EXTRACTED ENTRIES Block Start

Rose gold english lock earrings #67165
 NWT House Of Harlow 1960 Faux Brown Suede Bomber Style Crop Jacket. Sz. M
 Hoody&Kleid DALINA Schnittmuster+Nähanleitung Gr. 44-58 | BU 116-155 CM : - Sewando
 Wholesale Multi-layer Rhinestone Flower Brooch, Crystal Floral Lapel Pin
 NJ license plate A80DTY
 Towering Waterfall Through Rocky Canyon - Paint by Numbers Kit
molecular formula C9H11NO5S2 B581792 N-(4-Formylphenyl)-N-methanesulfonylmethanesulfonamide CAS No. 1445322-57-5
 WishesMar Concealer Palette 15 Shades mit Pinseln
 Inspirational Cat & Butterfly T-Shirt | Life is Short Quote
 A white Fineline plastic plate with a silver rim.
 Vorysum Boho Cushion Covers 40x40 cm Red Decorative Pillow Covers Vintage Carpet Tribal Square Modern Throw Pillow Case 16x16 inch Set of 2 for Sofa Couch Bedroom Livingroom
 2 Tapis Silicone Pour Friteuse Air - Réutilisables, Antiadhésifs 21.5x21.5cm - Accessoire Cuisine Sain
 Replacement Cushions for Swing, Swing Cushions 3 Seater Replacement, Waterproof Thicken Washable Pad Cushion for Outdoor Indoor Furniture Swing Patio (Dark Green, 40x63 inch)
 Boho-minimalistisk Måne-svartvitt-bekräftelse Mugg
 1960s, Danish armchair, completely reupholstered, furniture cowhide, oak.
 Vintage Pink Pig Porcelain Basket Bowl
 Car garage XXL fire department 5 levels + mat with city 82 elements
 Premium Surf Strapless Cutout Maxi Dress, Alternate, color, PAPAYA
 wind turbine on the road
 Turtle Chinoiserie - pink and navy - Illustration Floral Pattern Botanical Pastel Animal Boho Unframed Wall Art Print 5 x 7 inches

EXTRACTED ENTRIES Block End

* WHAT TO DO
Each line of the material should be repeated exactly as it reads.

* PROBLEM SOLUTION
Rose gold english lock earrings #67165
 NWT House Of Harlow 1960 Faux Brown Suede Bomber Style Crop Jacket. Sz. M
 Hoody&Kleid DALINA Schnittmuster+Nähanleitung Gr. 44-58 | BU 116-155 CM : - Sewando
 Wholesale Multi-layer Rhinestone Flower Brooch, Crystal Floral Lapel Pin
 NJ license plate A80DTY
 Towering Waterfall Through Rocky Canyon - Paint by Numbers Kit
molecular formula C9H11NO5S2 B581792 N-(4-Formylphenyl)-N-methanesulfonylmethanesulfonamide CAS No. 1445322-57-5
 WishesMar Concealer Palette 15 Shades mit Pinseln
 Inspirational Cat & Butterfly T-Shirt | Life is Short Quote
 A white Fineline plastic plate with a silver rim.
 Vorysum Boho Cushion Covers 40x40 cm Red Decorative Pillow Covers Vintage Carpet Tribal Square Modern Throw Pillow Case 16x16 inch Set of 2 for Sofa Couch Bedroom Livingroom
 2 Tapis Silicone Pour Friteuse Air - Réutilisables, Antiadhésifs 21.5x21.5cm - Accessoire Cuisine Sain
 Replacement Cushions for Swing, Swing Cushions 3 Seater Replacement, Waterproof Thicken Washable Pad Cushion for Outdoor Indoor Furniture Swing Patio (Dark Green, 40x63 inch)
 Boho-minimalistisk Måne-svartvitt-bekräftelse Mugg
 1960s, Danish armchair, completely reupholstered, furniture cowhide, oak.
 Vintage Pink Pig Porcelain Basket Bowl
 Car garage XXL fire department 5 levels + mat with city 82 elements
 Premium Surf Strapless Cutout Maxi Dress, Alternate, color, PAPAYA
 wind turbine on the road
 Turtle Chinoiserie - pink and navy - Illustration Floral Pattern Botanical Pastel Animal Boho Unframed Wall Art Print 5 x 7 inches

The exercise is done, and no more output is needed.